For GIFT-64, two 16-bit words of the key state are extracted as the round key \(RK = U||V \). \( U \leftarrow k_{1},\ V \leftarrow k_{0}. \)

For GIFT-128, four 16-bit words of the key state are extracted as the round key \(RK = U||V \). \( U \leftarrow k_{5}||k_{4},\ V \leftarrow k_{1}||k_{0}. \)

The key state is then updated as follows, \( k_{7}||k_{6}||...||k_{1}||k_{0} \leftarrow k_{1} \ggg 2 ||k_{0} \ggg 12||...||k_{3}||k_{2}, \) where \(\ggg i\) is an i bits right rotation within a 16-bit word.

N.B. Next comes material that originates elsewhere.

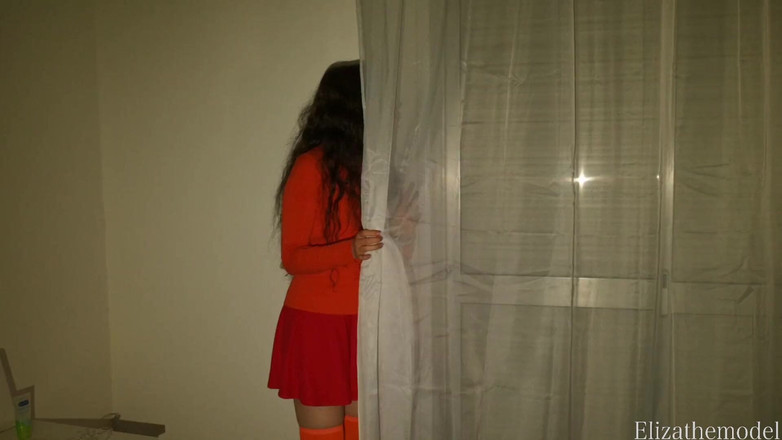 ElizaTheModel: Fantasma roba la ropa de Velma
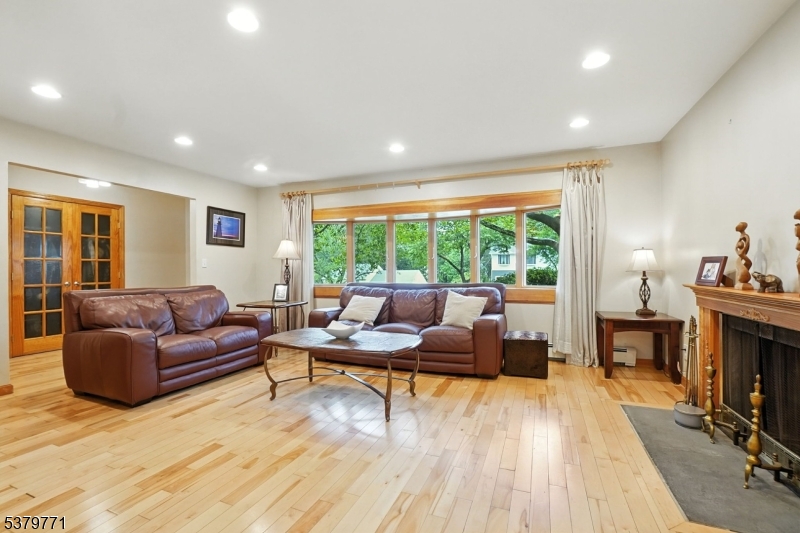 8 Timber Hill Dr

The round constants are generated using the same 6-bit affine LFSR as SKINNY, whose state is denoted as \((c_5, c_4, c_3, c_2, c_1, c_0)\). Its update function is defined as: \( (c_5, c_4, c_3, c_2, c_1, c_0) \leftarrow (c_4, c_3, c_2, c_1, c_0, c_5 \oplus c_4 \oplus 1). \) The six bits are initialized to zero, and updated before being used in a given round. The values of the constants for each round are given in the table below, encoded to byte values for each round, with \(c_0\) being the least significant bit.

Rounds

Constants

1 - 16

01,03,07,0F,1F,3E,3D,3B,37,2F,1E,3C,39,33,27,0E

17 - 32

1D,3A,35,2B,16,2C,18,30,21,02,05,0B,17,2E,1C,38

33 - 48

31,23,06,0D,1B,36,2D,1A,34,29,12,24,08,11,22,04

Remark: GIFT aims at single-key security, so we do not claim any related-key security (even though no attack is known in this model as of today). In case one wants to protect against related-key attacks as well, we advice to double the number of rounds.

3 Design Rationale

First, let us propose a subclassification for SPN ciphers.

Definition 1

Substitution-bitPermutation network (SbPN) is a subclassification of Substitution-Permutation network, where the permutation layer (p-layer) only comprises of bit permutation. An m / n-SbPN cipher is an n-bit cipher in which substitution layer (s-layer) comprises of m-bit (Super-)Sboxes.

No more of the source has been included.